The first aid to navigation at the site was a simple coal-fire light from 1814, at Fort Kijkduin, a few hundred meters south of the current tower. In 1822 the construction of the first tower was completed and it was first lit on 29 October 1822. The tower was a 22 metres (72 ft)-tall, six-storey brick tower. The light consisted of 26 Argand lamps with parabolic reflectors, visible at a distance of up to 6 nautical miles (11 km; 6.9 mi). Cracks in the building foundation were repaired twice, in 1826 and 1827. In 1853 the light was replaced by an Argand lamp lens system with fixed Fresnel lens.
The construction of the second and current lighthouse started in 1877 and its first illumination was on 1 April 1878. The first lens system was a stationary lens with Argand lamps from the old tower. In 1903 this was replaced with a Barbier and F.B. rotational system, with Mercury bearings. It used incandescent kerosene and had an intensity of 1,200,000 cd. Its characteristic was 2 flashes every 10s and was visible for "20 English miles".

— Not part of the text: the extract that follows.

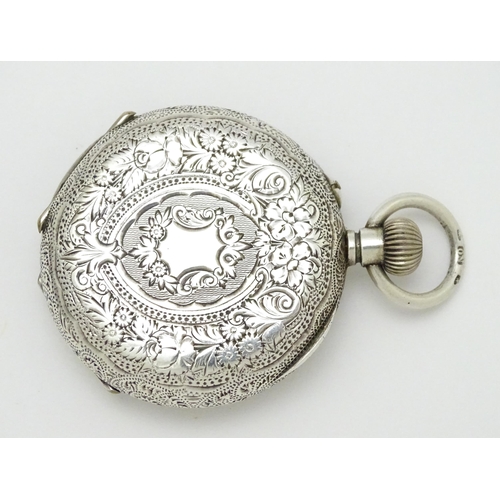 925 - A Swiss silver cased pocket / fob watch with white enamel dial and Roman numerals. Together with a w... 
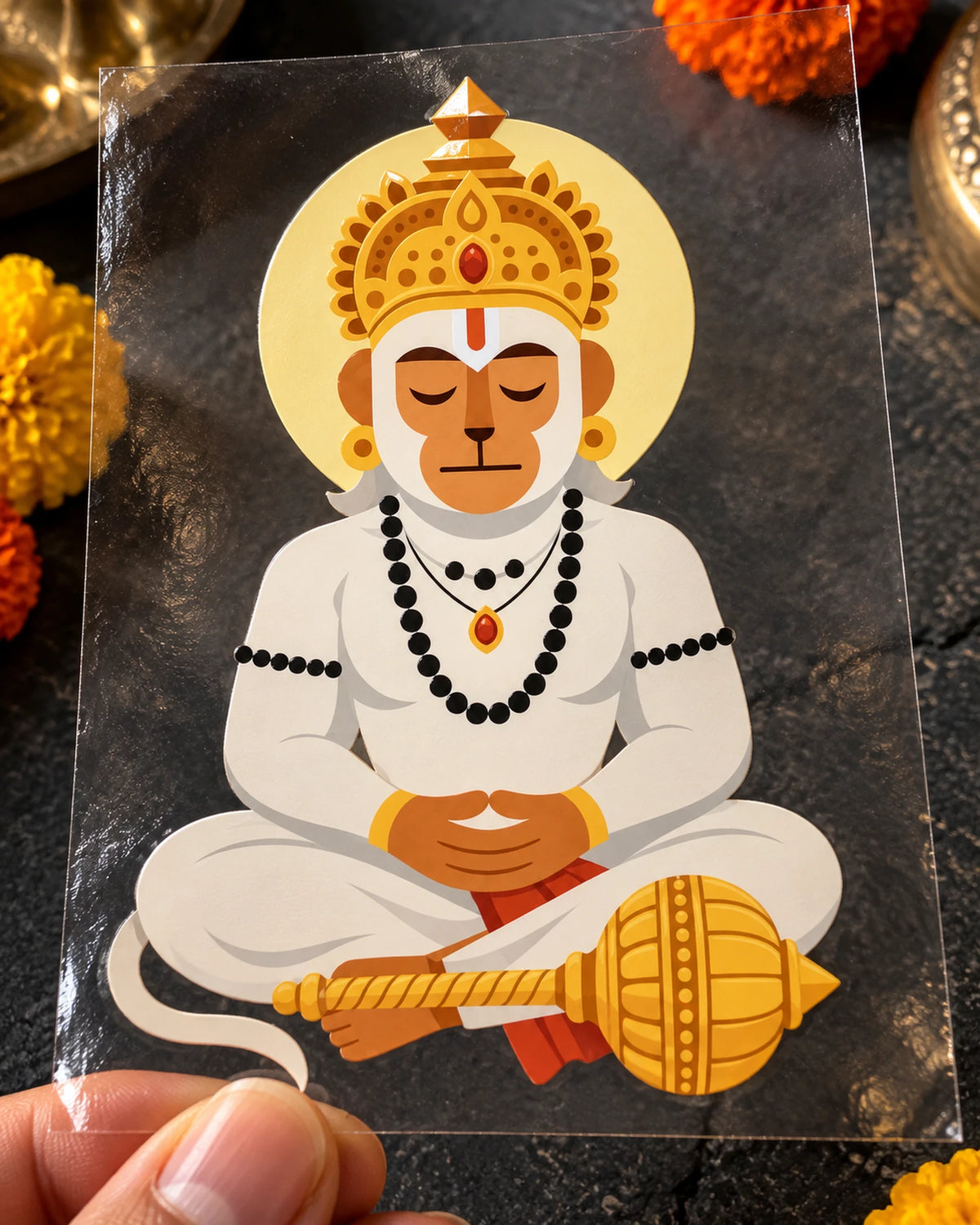Dhyan Hanuman hard surface patch on clear film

In 1912 an improved pharoline incandescent light was installed. The light was electrified in 1924 and a Brandaris 80V 50A lamp was fitted. In 1940, during World War II, this light system was destroyed. During the war the lighthouse was painted in camouflage-colours. An emergency light was installed in 1945, with an intensity of 62,000 cd. On September 2, 1949 the current 920mm 1st order Fresnel lens was installed.

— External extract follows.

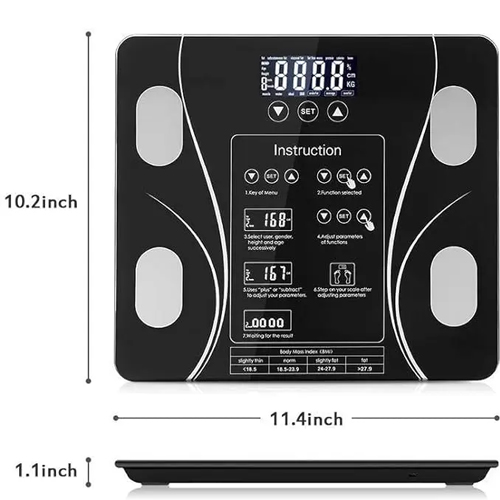 ميزان رقمي إلكتروني بتقنية البلوتوث وإضاءة LED لقياس الوزن لون (أسود) - Image 5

In 1988 the site was listed as a Rijksmonument. The cupola and lantern pane were replaced in 1992; the old shell is displayed outdoors in the royal dockyard of Willemsoord in Den Helder. In 1998 the lighthouse was closed to the public due to cracks on the cast-iron floors. Although it was refurbished in 1999 and a new coat of paint was applied, as of 2002 it is unlikely that the tower will be reopened, especially due to more stringent safety regulations introduced after the Volendam café disaster and the formation of the Dutch Safety Board.